Ladytron isn't doing anything terribly complex on their latest album Witching Hour: angelic female vocals over electronica beats. On paper, it's nothing that hasn't been done before. But aesthetically, it is pure bliss. They have come a long way from their 2002 indie club hit "Seventeen." Not that there was anything wrong with that song (I am probably the only 21-year-old who adores it, with the line, "They only want you when you're 17/When you're 21 you're no fun"), but let's just say Ladytron has evolved very nicely.

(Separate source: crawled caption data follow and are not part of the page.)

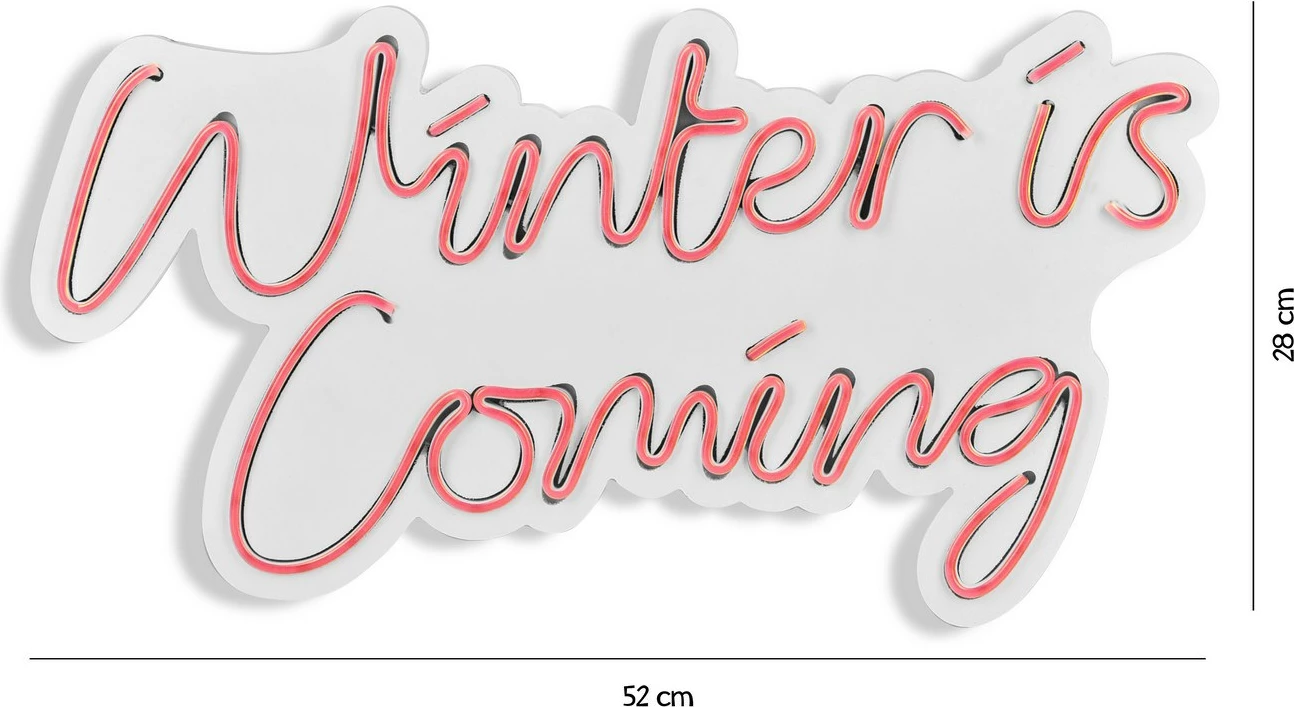 Dekor dritash LED plastike, 'Winter is Coming', ngjyrë rozë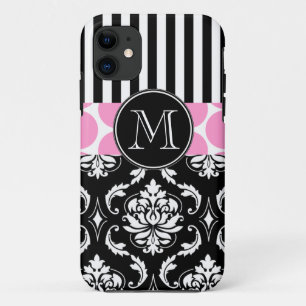 COQUES POUR iPhone LE NOIR ROSE GIRLY BARRE LE MONOGRAMME DE DAMASSÉ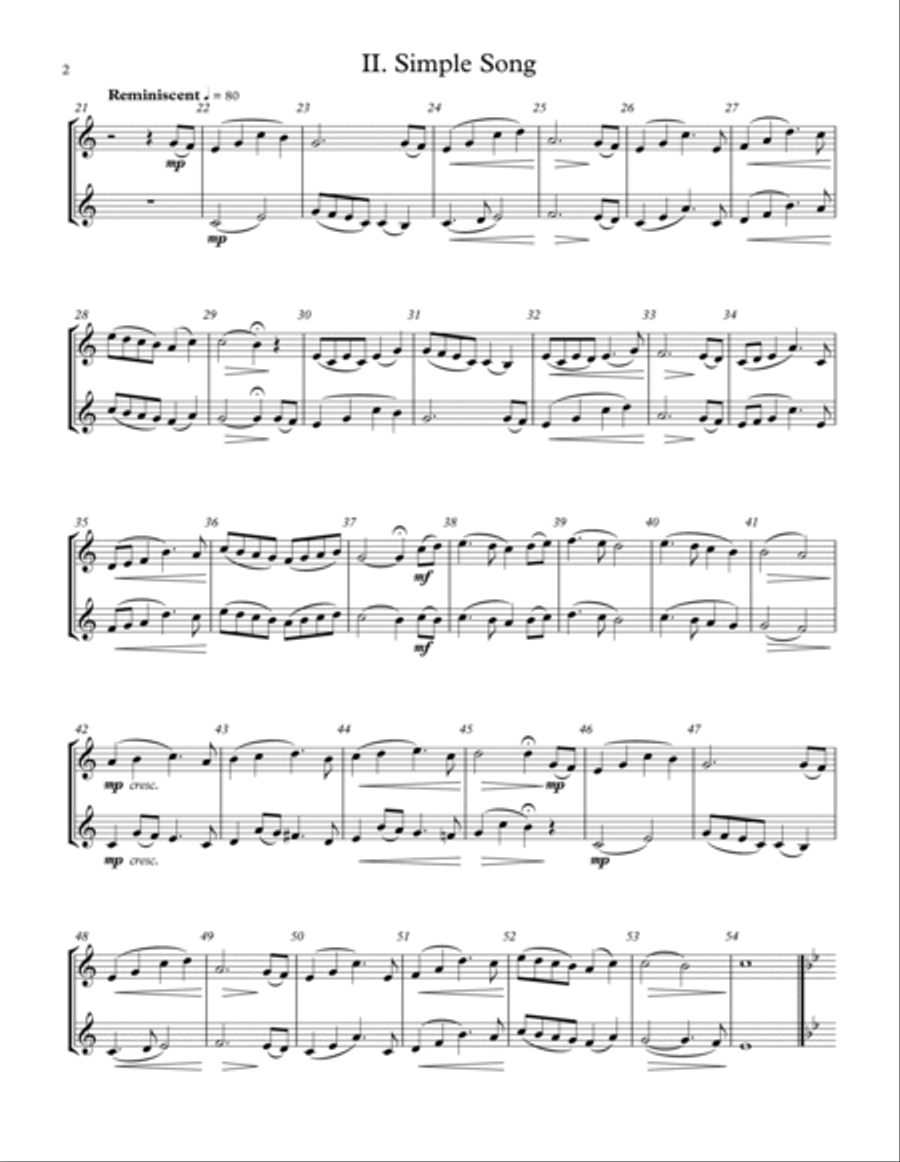 5 Duets For Any Two Band Instruments - Volume 2 - Bb Transposition Small Ensemble scores gallery preview page 2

Witching Hour is a mature, sultry, retro-but-futuristic album, not without a few club hits to please the kiddies. "Destroy Everything You Touch" (already in the top 10 of every indie club playlist) is catchy and danceable, but seductive and brooding, like a hushed anger brewing beneath the surface. In fact, this description could probably characterize the entire first half of Witching Hour, which is rather appropriately titled. In "International Dateline," vocalist Helen Marnie takes us on a journey that she seems reluctant to take herself. "Woke up in the evening/To the sound of the screaming" sets a gorgeously eerie tone for an album's third track, which is typically supposed to be the most upbeat. This leads right into the moody "Soft Power," which contains the album's namesake. Mira Aroyo lends backing spoken word to Marnie's ethereal vocals as they sing the almost sadistic words, "We're not sleeping at the wheel/The wheel is turning the machine that kills for us." "CMYK" serves as an 80's-esque instrumental interlude, while "Sugar" acts as the national anthem for casual dating: "If I give you sugar/Will you give me/Something elusive and temporary?" The album's most unique track "Fighting In Built Up Areas" features Aroyo speaking in a foreign language over a steady, persistent drumbeat. Marnie lends her celestial vocals to add texture, and of course eeriness, bringing depth and profundity to the album overall. "Weekend", with the lines "Friday is the fever/And Monday the destroyer/You are a permanent feature/Perpetual weekend," could be placed in the "club hit" category until it moves beyond this label with its strikingly otherworldly closing. The surprise highlight of the album is "Beauty*2," an alluring ballad featuring Marnie with a twinge of agony in her voice that is only hinted at in "International Dateline." The listener can sense her laments over a rendezvous gone sour in the repetitious overlays as she sings the lyrics, "Hey can I go with you/When the rendezvous is over/It's over."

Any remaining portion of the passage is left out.